The Bitcoin Storm win mechanism is built on three ideas. First: every participant gets the same permanent slot identity, with odds identical to every other slot in the 10-million-slot universe. Second: every draw is run at the moment it is scheduled, committed publicly on-chain, and sealed cryptographically so that nobody — including the founder — knows the result before it is revealed. Third: all 2,100 sealed draws — the 275 founding and the 1,825 daily — resolve together at Year 5 settlement. If treasury profit at Year 5 is sufficient to purchase 2,100 BTC at market price, all winners receive 1 BTC. If profit is insufficient, no Bitcoin is purchased and all profit flows into the 80/20 cash distribution.

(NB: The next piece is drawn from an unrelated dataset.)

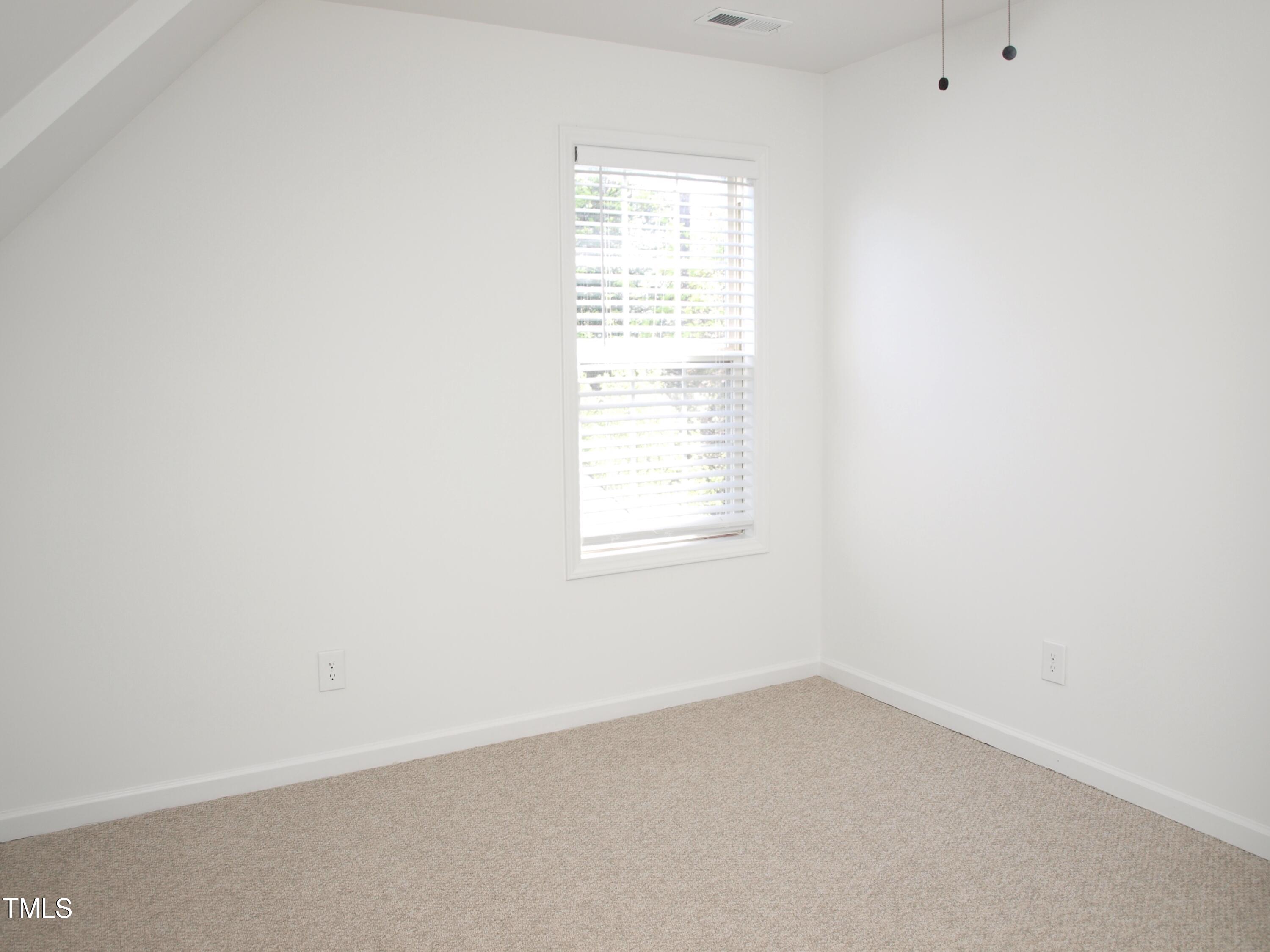 4500 Bartholomew Circle Raleigh, NC 27604 - Photo 16 of 22 an empty room with a window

What this produces is a draw mechanism that cannot be manipulated, cannot leak results early, cannot favour insiders, and can be independently verified by anyone at any point using the public ledger. The fairness is not a matter of trust — it is a property of the mathematics.

"You can watch the envelopes being sealed every day for five years. You cannot see inside any of them until the day they are all opened at once." — Bitcoin Storm · Structural Principle
This document explains the cryptographic mechanics of the Bitcoin Storm draw system as encoded in its canister smart contracts on the Internet Computer. All mechanics are subject to the final protocol specification authorised by Gibraltar counsel prior to launch. This document does not constitute financial advice, an offer of securities, or a solicitation. No specific financial outcome is promised. The $100 entry is at risk. Participation is restricted in certain jurisdictions. See the full regulatory disclosures at thebitcoinstorm.io.